Why would duplication of this nature happen? What is the real
motivation? While the public is told that a certain level of
duplication is necessary in science, do we need 75 projects that are
all examining the same area? How could this happen?
As part of the issuance of this report approximately 50 grant
applications which have been obtained from the National Eye
Institute through the Freedom of Information Act have been placed on
the SAEN website at:
http://www.all-creatures.org/saen/grants-gov.html
When the front page of most of these grants is examined, it is
easy to find the financial information relevant to these grants. The
grant application for EY000745-34A1, of Albert Fuchs at the
University of Washington in Seattle will be used as an example. This
project has a direct cost of $378,994, and a total cost of $589,970
per year. The difference of these two numbers is $210,976. This
number is the indirect cost of this grant, and it goes directly to
the University of Washington.
The $378,994 in direct costs pays for the animals, the
researcher’s salary, etc. The indirect cost pays for things like
utilities, staffing, etc. During 2007 the University of Washington,
Seattle had 42 grants that used primates. Each one of these grants
has an indirect cost portion. If each one received only $200,000 per
year in indirect costs, then the University of Washington would
receive $8.4 million per year in indirect costs for these grants
alone. Now, multiply this by all of the grants that the University
of Washington receives for primates, dogs, cats, rabbits, rats,
mice, guinea pigs, etc. This indirect cost number would reach into
the tens if not the hundreds of millions in indirect cost dollars,
for this university alone. Now multiply this by all of the 903
grants for primate research (this number is almost certainly
incomplete because many grants use specific species names instead of
general terms like primate) by $200,000 per grant in indirect costs
(a conservative number) and the result is over $180 million in
indirect costs alone. This is a conservative amount for only one
species, and does not include the actual original grant amounts.

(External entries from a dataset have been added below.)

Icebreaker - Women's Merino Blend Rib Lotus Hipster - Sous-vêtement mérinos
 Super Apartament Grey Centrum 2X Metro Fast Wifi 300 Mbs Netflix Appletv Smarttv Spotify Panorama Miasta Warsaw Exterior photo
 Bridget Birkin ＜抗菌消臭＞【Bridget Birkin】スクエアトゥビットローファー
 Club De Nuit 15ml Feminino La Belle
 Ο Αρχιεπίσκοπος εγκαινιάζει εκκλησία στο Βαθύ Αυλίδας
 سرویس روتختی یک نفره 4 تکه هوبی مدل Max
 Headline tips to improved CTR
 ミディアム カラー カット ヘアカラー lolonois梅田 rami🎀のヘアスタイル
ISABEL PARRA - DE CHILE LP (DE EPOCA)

This high level of “indirect” funding is a powerful motivation
for performing as many experiments as can possibly be funded at each
and every research facility. Clearly, the project approval
committees of all universities and laboratories that receive federal
funding have serious vested interests in insuring that the highest
possible number of research projects are funded. These grants
provide a tremendous income stream for laboratories. This is not
about science or health. Primate research, like all animal research,
is about attracting grant funding. This issue is important not only
because of the waste of tens of millions of tax dollars, but also
because the Animal Welfare Act contains regulations regarding the
unnecessary duplication of research, and the simplest way to produce
more grants is to simply have many grants that do and re-do the same
project, or at best very slight variations of the same basic
project.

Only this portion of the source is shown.